Short web captions:
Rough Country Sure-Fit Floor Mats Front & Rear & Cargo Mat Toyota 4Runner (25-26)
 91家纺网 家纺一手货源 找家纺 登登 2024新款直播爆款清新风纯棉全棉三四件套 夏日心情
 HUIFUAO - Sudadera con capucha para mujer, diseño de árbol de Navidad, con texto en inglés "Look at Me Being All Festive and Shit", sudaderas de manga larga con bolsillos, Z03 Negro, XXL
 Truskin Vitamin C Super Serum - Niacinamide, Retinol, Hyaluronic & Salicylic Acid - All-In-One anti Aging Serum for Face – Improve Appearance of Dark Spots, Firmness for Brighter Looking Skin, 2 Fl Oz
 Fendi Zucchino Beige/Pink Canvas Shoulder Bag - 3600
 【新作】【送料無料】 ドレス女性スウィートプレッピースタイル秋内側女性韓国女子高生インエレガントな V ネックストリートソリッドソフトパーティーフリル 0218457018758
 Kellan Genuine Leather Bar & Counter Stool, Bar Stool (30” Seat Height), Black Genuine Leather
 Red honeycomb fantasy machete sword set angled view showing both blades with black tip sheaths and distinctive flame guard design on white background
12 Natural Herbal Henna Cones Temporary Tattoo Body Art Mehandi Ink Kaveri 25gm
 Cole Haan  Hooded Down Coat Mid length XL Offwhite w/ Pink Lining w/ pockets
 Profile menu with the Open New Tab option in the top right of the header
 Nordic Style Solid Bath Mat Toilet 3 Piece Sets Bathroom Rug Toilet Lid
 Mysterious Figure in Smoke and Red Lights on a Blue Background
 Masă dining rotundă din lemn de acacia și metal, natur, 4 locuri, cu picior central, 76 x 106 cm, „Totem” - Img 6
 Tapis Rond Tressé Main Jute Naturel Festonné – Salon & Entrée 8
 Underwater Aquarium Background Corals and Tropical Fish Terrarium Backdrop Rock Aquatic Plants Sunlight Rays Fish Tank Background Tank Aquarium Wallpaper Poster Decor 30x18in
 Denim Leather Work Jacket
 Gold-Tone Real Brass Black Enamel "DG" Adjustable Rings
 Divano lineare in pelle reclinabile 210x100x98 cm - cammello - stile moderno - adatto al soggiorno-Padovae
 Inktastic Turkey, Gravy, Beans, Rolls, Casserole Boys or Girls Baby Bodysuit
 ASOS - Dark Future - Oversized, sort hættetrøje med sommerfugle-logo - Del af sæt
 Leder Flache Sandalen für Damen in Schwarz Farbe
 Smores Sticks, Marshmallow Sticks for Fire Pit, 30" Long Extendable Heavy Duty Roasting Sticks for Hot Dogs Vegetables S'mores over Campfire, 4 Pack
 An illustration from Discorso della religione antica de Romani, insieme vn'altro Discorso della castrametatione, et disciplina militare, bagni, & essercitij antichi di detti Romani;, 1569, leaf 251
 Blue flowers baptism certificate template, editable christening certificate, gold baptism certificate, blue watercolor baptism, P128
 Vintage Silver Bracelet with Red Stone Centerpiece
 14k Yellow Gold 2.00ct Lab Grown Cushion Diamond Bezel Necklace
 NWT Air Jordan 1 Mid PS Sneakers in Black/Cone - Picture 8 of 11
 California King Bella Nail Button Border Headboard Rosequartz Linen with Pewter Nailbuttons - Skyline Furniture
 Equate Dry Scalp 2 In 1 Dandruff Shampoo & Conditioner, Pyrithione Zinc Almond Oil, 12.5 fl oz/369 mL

What needs to be done:
Restate each line of the records above without any deviation.

Written solution:
Rough Country Sure-Fit Floor Mats Front & Rear & Cargo Mat Toyota 4Runner (25-26)
 91家纺网 家纺一手货源 找家纺 登登 2024新款直播爆款清新风纯棉全棉三四件套 夏日心情
 HUIFUAO - Sudadera con capucha para mujer, diseño de árbol de Navidad, con texto en inglés "Look at Me Being All Festive and Shit", sudaderas de manga larga con bolsillos, Z03 Negro, XXL
 Truskin Vitamin C Super Serum - Niacinamide, Retinol, Hyaluronic & Salicylic Acid - All-In-One anti Aging Serum for Face – Improve Appearance of Dark Spots, Firmness for Brighter Looking Skin, 2 Fl Oz
 Fendi Zucchino Beige/Pink Canvas Shoulder Bag - 3600
 【新作】【送料無料】 ドレス女性スウィートプレッピースタイル秋内側女性韓国女子高生インエレガントな V ネックストリートソリッドソフトパーティーフリル 0218457018758
 Kellan Genuine Leather Bar & Counter Stool, Bar Stool (30” Seat Height), Black Genuine Leather
 Red honeycomb fantasy machete sword set angled view showing both blades with black tip sheaths and distinctive flame guard design on white background
12 Natural Herbal Henna Cones Temporary Tattoo Body Art Mehandi Ink Kaveri 25gm
 Cole Haan  Hooded Down Coat Mid length XL Offwhite w/ Pink Lining w/ pockets
 Profile menu with the Open New Tab option in the top right of the header
 Nordic Style Solid Bath Mat Toilet 3 Piece Sets Bathroom Rug Toilet Lid
 Mysterious Figure in Smoke and Red Lights on a Blue Background
 Masă dining rotundă din lemn de acacia și metal, natur, 4 locuri, cu picior central, 76 x 106 cm, „Totem” - Img 6
 Tapis Rond Tressé Main Jute Naturel Festonné – Salon & Entrée 8
 Underwater Aquarium Background Corals and Tropical Fish Terrarium Backdrop Rock Aquatic Plants Sunlight Rays Fish Tank Background Tank Aquarium Wallpaper Poster Decor 30x18in
 Denim Leather Work Jacket
 Gold-Tone Real Brass Black Enamel "DG" Adjustable Rings
 Divano lineare in pelle reclinabile 210x100x98 cm - cammello - stile moderno - adatto al soggiorno-Padovae
 Inktastic Turkey, Gravy, Beans, Rolls, Casserole Boys or Girls Baby Bodysuit
 ASOS - Dark Future - Oversized, sort hættetrøje med sommerfugle-logo - Del af sæt
 Leder Flache Sandalen für Damen in Schwarz Farbe
 Smores Sticks, Marshmallow Sticks for Fire Pit, 30" Long Extendable Heavy Duty Roasting Sticks for Hot Dogs Vegetables S'mores over Campfire, 4 Pack
 An illustration from Discorso della religione antica de Romani, insieme vn'altro Discorso della castrametatione, et disciplina militare, bagni, & essercitij antichi di detti Romani;, 1569, leaf 251
 Blue flowers baptism certificate template, editable christening certificate, gold baptism certificate, blue watercolor baptism, P128
 Vintage Silver Bracelet with Red Stone Centerpiece
 14k Yellow Gold 2.00ct Lab Grown Cushion Diamond Bezel Necklace
 NWT Air Jordan 1 Mid PS Sneakers in Black/Cone - Picture 8 of 11
 California King Bella Nail Button Border Headboard Rosequartz Linen with Pewter Nailbuttons - Skyline Furniture
 Equate Dry Scalp 2 In 1 Dandruff Shampoo & Conditioner, Pyrithione Zinc Almond Oil, 12.5 fl oz/369 mL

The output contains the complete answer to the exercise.